U of S hikes tuition fees
The University of Saskatchewan in Saskatoon is raising tuition rates for 2010 by 5.2 per cent overall.
Administrators said Thursday the new rates are necessary even though the school's government grant was increased by $10 million in the March provincial budget.
Almost all U of S students will pay more, effective with the 2010-2011 academic year.
Students in arts, agriculture, education, computer science and nursing courses will pay an additional 4.4 per cent in tuition. Law students will pay 9.8 per cent more for tuition, and medical students will pay an additional eight per cent.
Typically, a full-time undergraduate student will take eight to ten classes over the course of two semesters.
According to the university, under the new rates an arts student will pay a total of $4,900 in tuition and other fees for classes in 2010-2011.
U of S students pay a long list of fees and charges associated with their education.
"It's going to be tough," Amber Osadan-Ullman, a current student, said Thursday. "You've got to do the small adjustments. Whether it's Mr. Noodles compared to Mr. Noodles Supreme with added frozen vegetables."
Osadan-Ullman said she is already having a hard time making ends meet and the boost in tuition fees will be a challenge.
According to information released by the university, almost all of its courses cost less than other institutions charge.
The university said it compared its tuition rates to a peer group of schools that also have medical programs. The U of S also included the University of Regina in its comparisons.

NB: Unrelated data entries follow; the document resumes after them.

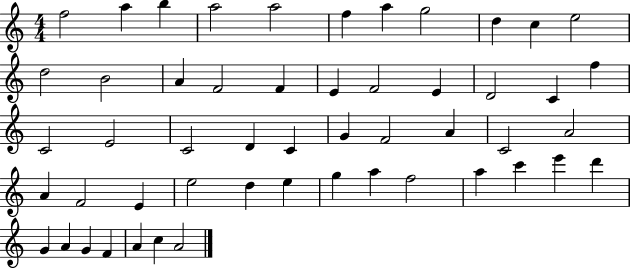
F5/h A5/q B5/q A5/h A5/h F5/q A5/q G5/h D5/q C5/q E5/h D5/h B4/h A4/q F4/h F4/q E4/q F4/h E4/q D4/h C4/q F5/q C4/h E4/h C4/h D4/q C4/q G4/q F4/h A4/q C4/h A4/h A4/q F4/h E4/q E5/h D5/q E5/q G5/q A5/q F5/h A5/q C6/q E6/q D6/q G4/q A4/q G4/q F4/q A4/q C5/q A4/h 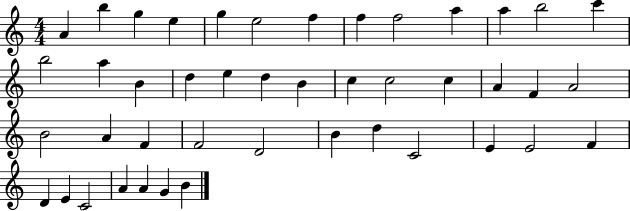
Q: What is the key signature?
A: C major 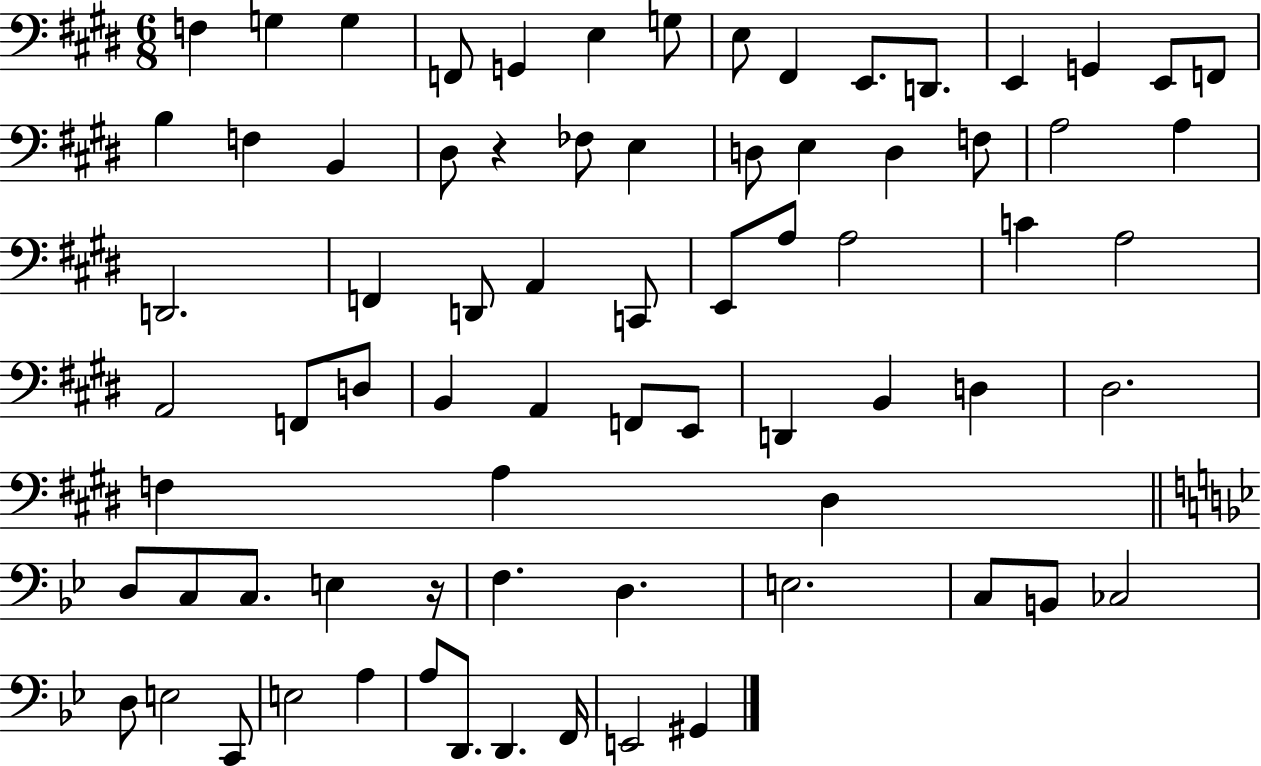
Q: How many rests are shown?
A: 2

"We still offer terrific value for money," said Brett Fairbairn, the university's vice-president of academics. "The cost of tuition that, on average, is below what similar programs cost elsewhere."
The head of the students union said the tuition hike is reasonable.
"Across Canada right now we're seeing rapid increases in tuition or mandatory fees, as we've seen quite recently in Alberta," said Warren Kirkland, president of the University of Saskatchewan Students Union.
"This is quite a modest increase and I think students will be quite pleased overall."